The strength of probabilism is seen in the description of “intrinsic solid probability.” Briefly put, the theory states that when people take a view on a debated moral issue based on “cogent but not necessarily conclusive reasons,” they are free to follow their conscience, even if all popes and theologians disagree. “Not necessarily conclusive” is the liberating nub of this: A person need not see the conservative view as ridiculous. She might even see it as possibly true, and yet her own reasons are not frivolous or self-serving and are of the sort that a reasonable person would consent to.
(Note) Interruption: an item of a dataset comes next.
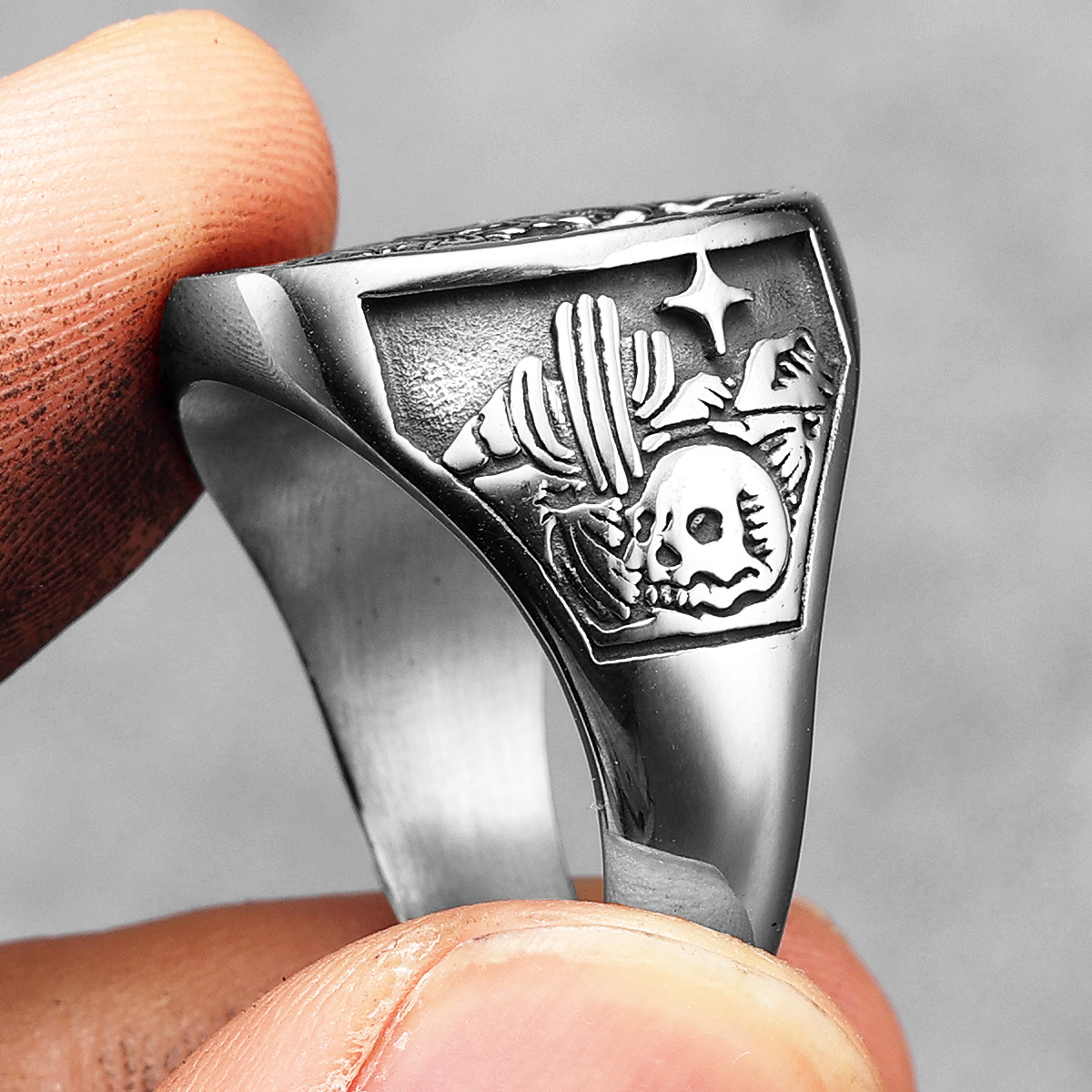 Cowboy Schedel Ratelslang Mannen Ringen Rvs Stalen Vrouwen Sieraden Vintage Punk Rock Cool Stuff Mode Accessoires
All religions are potentially cults that recoil from their own liberating insights. So, too, Catholicism. And yet probabilism is solidly Catholic. Carol Tauer, writing in the Jesuit Theological Studies in 1984, used probabilism to defend early abortions. Joseph Donceel, S.J., speaks with a Catholic voice when he says, “The embryo is certainly not a human person during the early stages of pregnancy, and consequently it is not immoral to terminate pregnancy during this time, provided there are serious reasons for such an intervention.” St. Antoninus, the eminent theologian and later archbishop of Florence, who was canonized a saint in 1523, was pro-choice on early abortions when needed to save a woman’s life, a large category in his day.
Come on, bishops, say a prayer to St. Antoninus, and stop lying. Catholicism is pro-choice.